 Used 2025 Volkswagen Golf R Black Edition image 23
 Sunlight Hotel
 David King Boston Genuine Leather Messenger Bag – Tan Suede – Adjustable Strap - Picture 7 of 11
----
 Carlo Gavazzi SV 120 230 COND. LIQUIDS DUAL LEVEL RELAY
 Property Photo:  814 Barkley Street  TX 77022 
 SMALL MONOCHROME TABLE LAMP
----
(Exercise requirements): All lines above between those holding "Carlo Gavazzi SV" and "SMALL MONOCHROME TABLE LAMP", inclusive, must be set down unchanged, and no other line may be included.

(Answer box):
 Carlo Gavazzi SV 120 230 COND. LIQUIDS DUAL LEVEL RELAY
 Property Photo:  814 Barkley Street  TX 77022 
 SMALL MONOCHROME TABLE LAMP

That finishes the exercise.